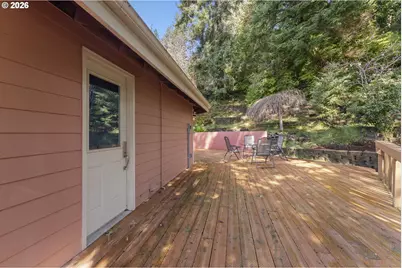2453 Stephanie Ln, North Bend, OR 97459 - Photo 36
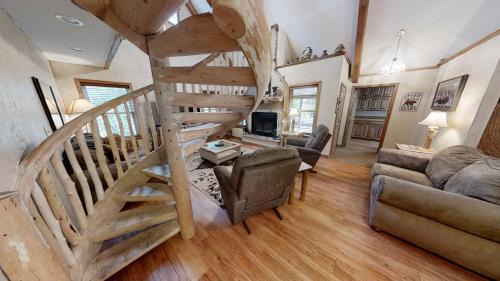 Red River House | Creekside Cabin - Pet Friendly - WiFi - Washer - Dryer - Grill - Fenced Yard - Fireplace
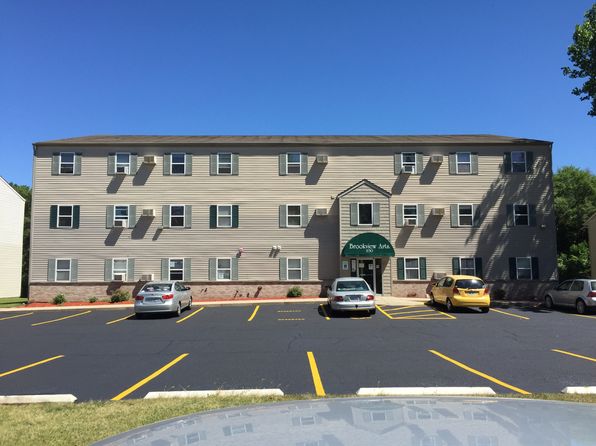 1130 Minns Dr #12, Machesney Park, IL 61115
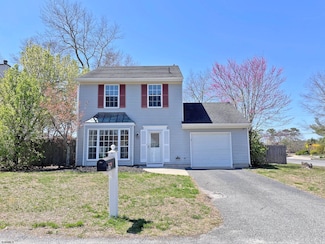 119 Mohican Dr, Galloway, NJ 08205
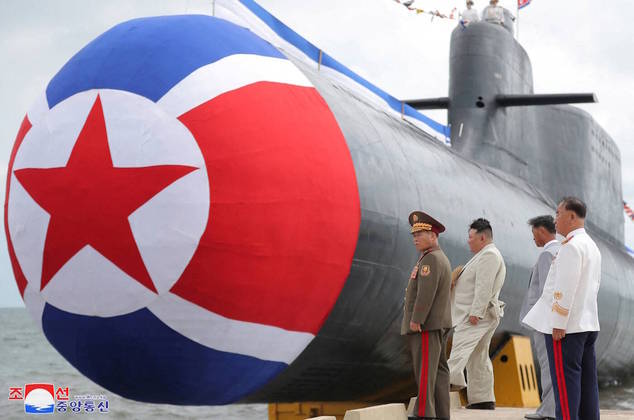 Apesar da pompa, o Exército da Coreia do Sul disse se tratar apenas de propaganda, já que o lançamento foi divulgado pela agência estatal de notícias da ditadura norte-coreana. Para os sul-coreanos, a embarcação nem sequer funciona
────
Find the line with "1130 Minns Dr #12, Machesney Park, IL 61115". Reproduce it and every line after it through the last line above exactly, leaving out the pictures.

Response
 1130 Minns Dr #12, Machesney Park, IL 61115
 119 Mohican Dr, Galloway, NJ 08205
 Apesar da pompa, o Exército da Coreia do Sul disse se tratar apenas de propaganda, já que o lançamento foi divulgado pela agência estatal de notícias da ditadura norte-coreana. Para os sul-coreanos, a embarcação nem sequer funciona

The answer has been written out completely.